The Hackerlab at regexps.com

Hashing

up: libhackerlab
next: Eight-bit Characters and Strings
prev: Bitsets

Hash values and hash tables are useful in many programs. The Hackerlab C Library provides:

hash utilities -- functions for computing hash values in common situations. Hash functions for strings can be found elsewhere. (For strings of 8-bit characters, see Computing Hash Values From Strings. For Unicode strings, see XREF.)

an md5 implementation -- functions to compute an md5 digest of an arbitrary string of bytes.

hash tables -- a general-purpose implementation of variably sized hash tables.


Hash Utilities

up: Hashing
next: MD5 Routines


#include <hackerlab/hash/hash-utils.h>

The functions in this section provide tools useful for computing hash values.

Function hash_ul

unsigned long hash_ul (unsigned long n);

Generate a hash value from an integer.

This function is slow, but attempts to give a good distribution of hash values even for a series of n which are not particularly random.

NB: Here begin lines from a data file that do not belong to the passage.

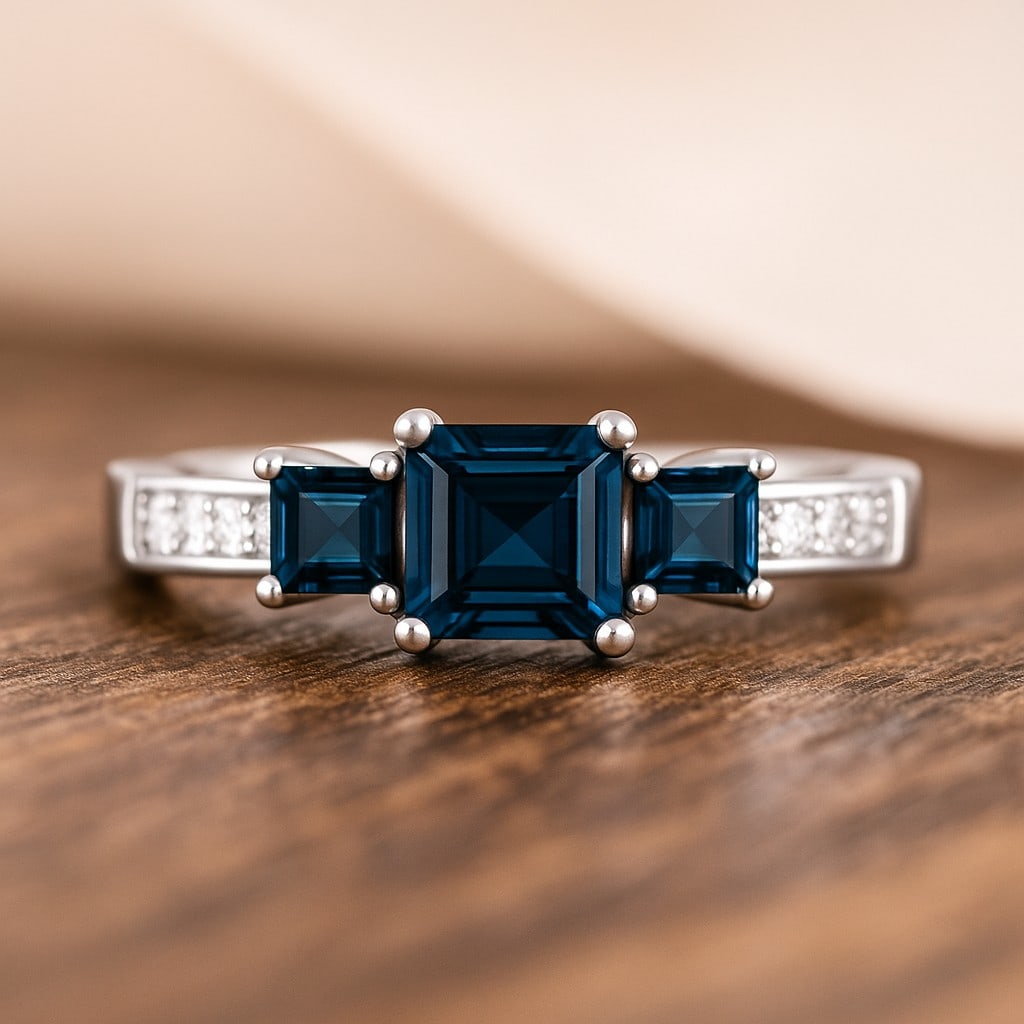 Natural London Blue Topaz Gemstone & Lab Grown Diamonds Silver Ring: Natural London Blue Topaz Gemstone & Lab Grown Diamonds Silver Ring Jewelry Type : Ring Gemstone : Natural London Blue Topaz Gemstone Shape : Princess Gemstone Size : 5 MM, 3MM Gemstone Quantity :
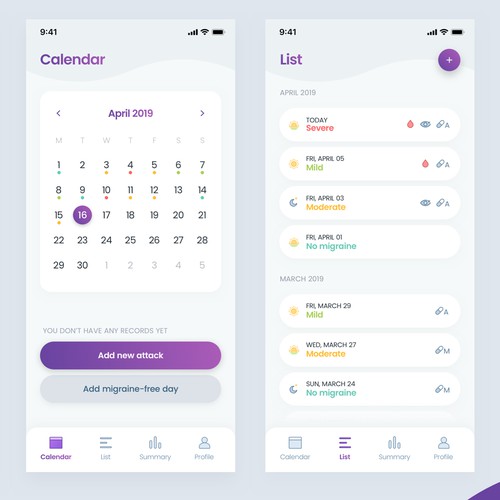 Migraine app design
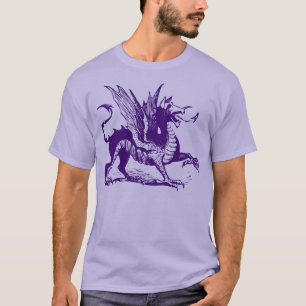 Drache Engraving - Tiefes Purpur T-Shirt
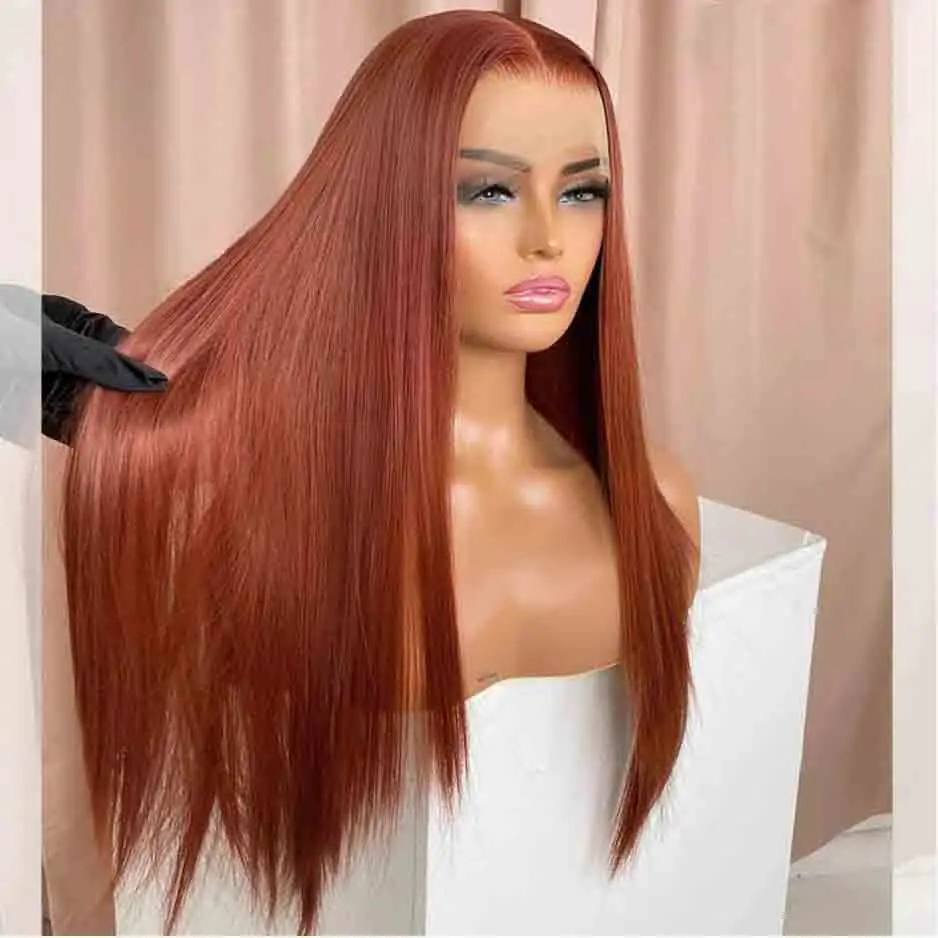 Natural Hairline 28inch Long 180 Density Soft Orange Brown Glueless Silky Straight Lace Front Wig For Black Women BabyHair Daily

slow means that the function does rougly 3 * sizeof (n) array look-ups and lots of bit twiddling.



Function hash_pointers

unsigned long hash_pointers (void * elts, size_t n_elts);

Compute a hash value from an array of pointers.

This function is slow, but attempts to give a good distribution of hash values even for a series of pointers which are not particularly random. Usually, pointers are not particularly random.

slow means that the function does roughly 3 * sizeof (n) array look-ups and lots of bit twiddling, per pointer.



Function hash_mem

unsigned long hash_mem (t_uchar * elts, size_t n_bytes);

Compute a hash value from an array of bytes.

This function is slow, but attempts to give a good distribution of hash values even for a series of bytes which are not particularly random.

slow means that the function does roughly 3 * sizeof (n) array look-ups and lots of bit twiddling, per sizeof (unsigned long) bytes.




MD5 Routines

up: Hashing
next: Hash Table Trees
prev: Hash Utilities

The md5 routines allow you to compute an MD5 message digest According to the definition of MD5 in RFC 1321 from April 1992 .

Function make_md5_context

md5_context_t make_md5_context (alloc_limits limits);

Allocate and initialize an object which will keep track of the state of an md5 digest computation.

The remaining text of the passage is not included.